Zunächst möchte ich es sehr begrüßen, daß Sie eine Ini­tiative ergreifen, um die plattdeutsche Sprache im Ems-land zu erhalten und zu fördern. Ich bin in einer Fami­lie aufgewachsen, in der noch plattdeutsch gesprochen wurde. Die plattdeutsche Sprache vermittelt ein Stück emsländischer Heimat. Mit ihr lassen sich oft auch kurz und mit großer Treffsicherheit bestimmte Lebenssitua­tionen beschreiben, seien sie positiver oder negativer Art. Im Umgang miteinander kann mit der plattdeutschen Sprache vieles erzählt werden, was im Hochdeutschen nicht annähernd eine vergleichbare Ausdrucksstärke erreicht.

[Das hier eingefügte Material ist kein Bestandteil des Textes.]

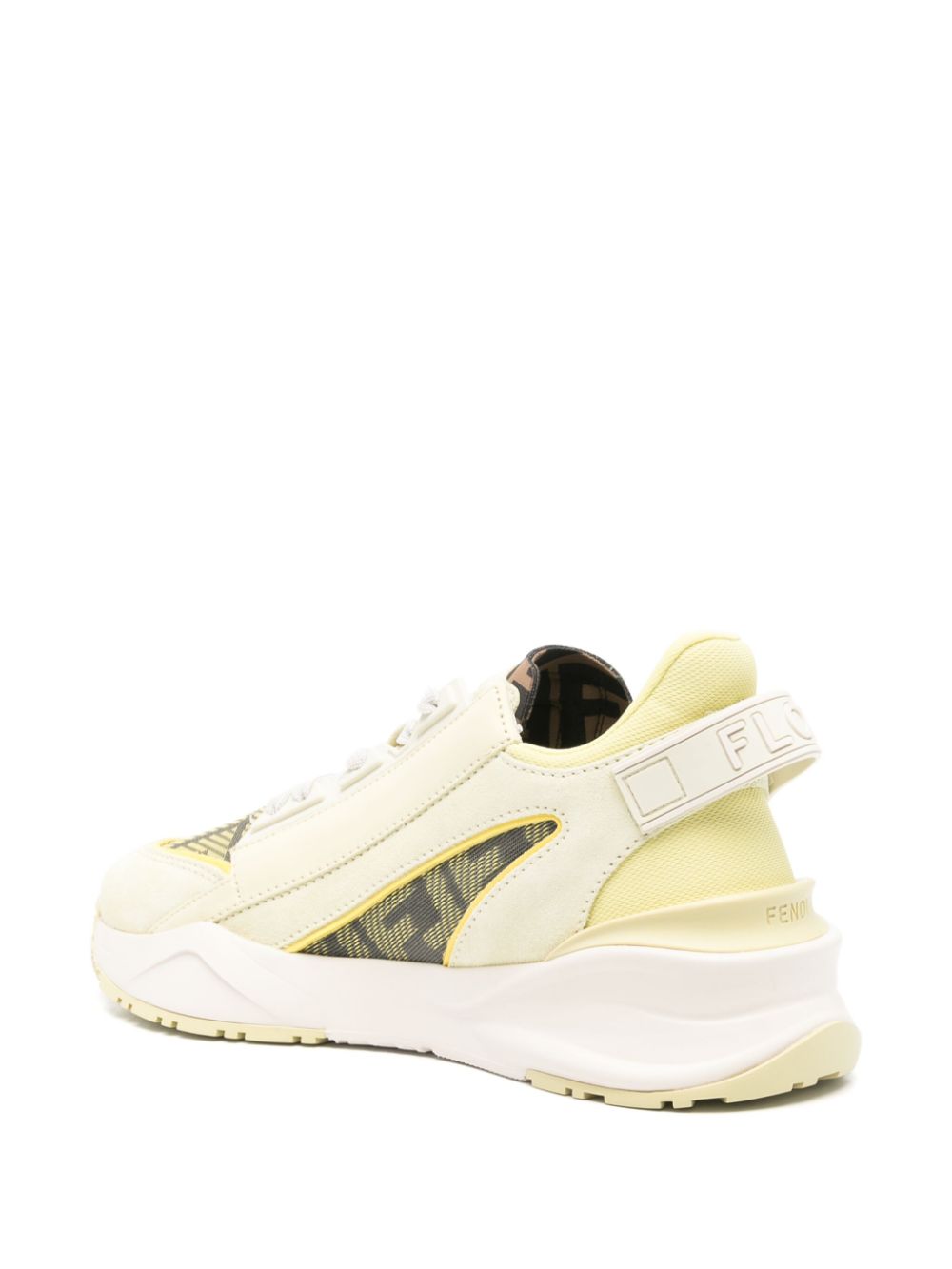 FENDI Chunky Round Toe Leather Sneakers for Women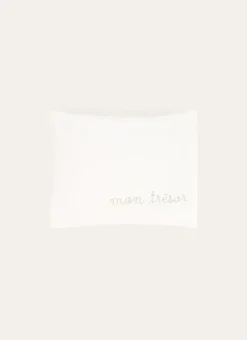 Enfant Bouchara Decoration, Rangement^COUSSIN EN GAZE DE COTON BRODERIE FIL DORÉ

Doch die hochdeutsche Sprache verdrängt das Plattdeutsch zunehmend. In der Stadt Lingen wird sicherlich zum allergrößten Teil nur noch hochdeutsch gespro­chen.

In verschiedenen Ortschaften wird allerdings durchaus noch die plattdeutsche Sprache sowohl gesprochen als auch gefördert und gepflegt, dies gilt auch für man­che Ortsratssitzung. Diese Sprache vermittelt dabei in stärkerem Maße eine nach­barschaftliche, freundschaftliche und in vielen Fällen auch vermittelnde Atmo­sphäre. Wenn die „Gangart” in einer solchen Sitzung etwas härter wird, kann ein mit Humor gewürztes plattdeutsches Wort die Wogen wieder leichter glätten.

Die plattdeutsche Sprache hat für zahlreiche Mitarbeiterinnen und Mitarbeiter und auch für mich durchaus praktische Vorteile. Zum Beispiel ist bei Grund­stücksverhandlungen die „Amts- und Verwaltungsschwelle” sicher viel niedriger, wenn sich der Verhandlungspartner in der täglichen Umgangssprache unterhalten kann. Es entsteht von vornherein eine vertraulichere Verhandlungsatmosphäre. Dies bedeutet nicht, daß der andere damit übervorteilt werden soll, sondern im Ge­genteil: Er kann sich in der plattdeutschen Sprache in vielen Fällen leichter und schneller ausdrücken und damit seine Interessen besser wahrnehmen.

Für viele Bürgerinnen und Bürger des Emslandes in den Grenzgebieten zu den Niederlanden dürfte die plattdeutsche Sprache auch deswegen von Vorteil sein, weil die niederländische Sprache in starkem Umfang dem Plattdeutschen ähnlich ist. Vielen fällt es zwar schwer, sich auf Niederländisch zu unterhalten; man ver­steht aber sehr wohl die Niederländer in ihrer Sprache und umgekehrt. Dabei muß ich allerdings zugeben, daß im Verhältnis zu den Niederlanden im großen und ganzen Hochdeutsch die Amtssprache ist. Es wird jedoch immer angestrebt, dass bei Veranstaltungen, zum Beispiel innerhalb der Ems-Dollart-Region, in den Niederlanden niederländisch und in Deutschland deutsch gesprochen wird. Natür­lich ist es leichter, das Niederländische zu erlernen und zu sprechen, wenn man auf der plattdeutschen Sprache aufbauen kann.

Die Stadt Lingen bemüht sich, auch plattdeutsche Bezeichnungen und Begriffe zu erhalten. So ist der Kulturausschuß unserer Stadt bestrebt, daß zahlreiche Straßen nach Flurnamen benannt werden, die aus dem Plattdeutschen kommen. In vielen Heimatvereinen wird mit Unterstützung der Stadt die plattdeutsche Sprache geför­dert. Theaterstücke werden in Plattdeutsch aufgeführt. In der Grundschule in Dar-me gibt es eine besondere Förderung der plattdeutschen Sprache für die dortigen Schülerinnen und Schüler. Die plattdeutsche Sprache gehört eigentlich zum Typ des Emsländers dazu, wobei ich nicht unerwähnt lassen möchte, daß manche Ge­schichten, Dönkes und Witze nur wirken, wenn Sie auf Plattdeutsch erzählt wer­den. Damit wird die Bedeutung der plattdeutschen Sprache auch für den Inhalt der Erzählung deutlich.

Zusammenfassend möchte ich sagen, daß auch in der Stadt Lingen ein Stück Kul­tur verloren gehen würde, wenn die plattdeutsche Sprache, die sicherlich in frühe­ren Zeiten in allen Ortschaften der Stadt gesprochen wurde, untergehen würde.